These rules are used for building R packages with Bazel. Although R has an excellent package management system, there is no continuous build and integration system for entire R package repositories. An advantage of using Bazel, over a custom solution of tracking the package dependency graph and triggering builds accordingly on each commit, is that R packages can be built and tested as part of one build system in multi-language monorepos.
These rules are mature for production use. We use these rules internally at GRAIL to build 400+ R packages from CRAN and Bioconductor.

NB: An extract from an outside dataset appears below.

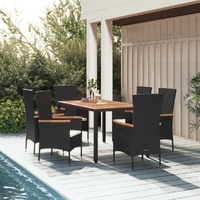 Garden Dining Set with Cushions Black Poly Rattan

The following assumes that you are familiar with how to use Bazel in general.
To begin, you can add the following or equivalent to your WORKSPACE file:
# Change master to the git tag you want.
http_archive(
name = "com_grail_rules_r",
strip_prefix = "rules_r-master",
urls = ["https://github.com/grailbio/rules_r/archive/master.tar.gz"],
)
load("@com_grail_rules_r//R:dependencies.bzl", "r_register_toolchains", "r_rules_dependencies")
r_rules_dependencies()
r_register_toolchains()
You can load the rules in your BUILD file like so:
load("@com_grail_rules_r//R:defs.bzl",
"r_pkg", "r_library", "r_unit_test", "r_pkg_test")
There are also convenience macros available which create multiple implicit targets:
load("@com_grail_rules_r//R:defs.bzl", "r_package")
and
load("@com_grail_rules_r//R:defs.bzl", "r_package_with_test")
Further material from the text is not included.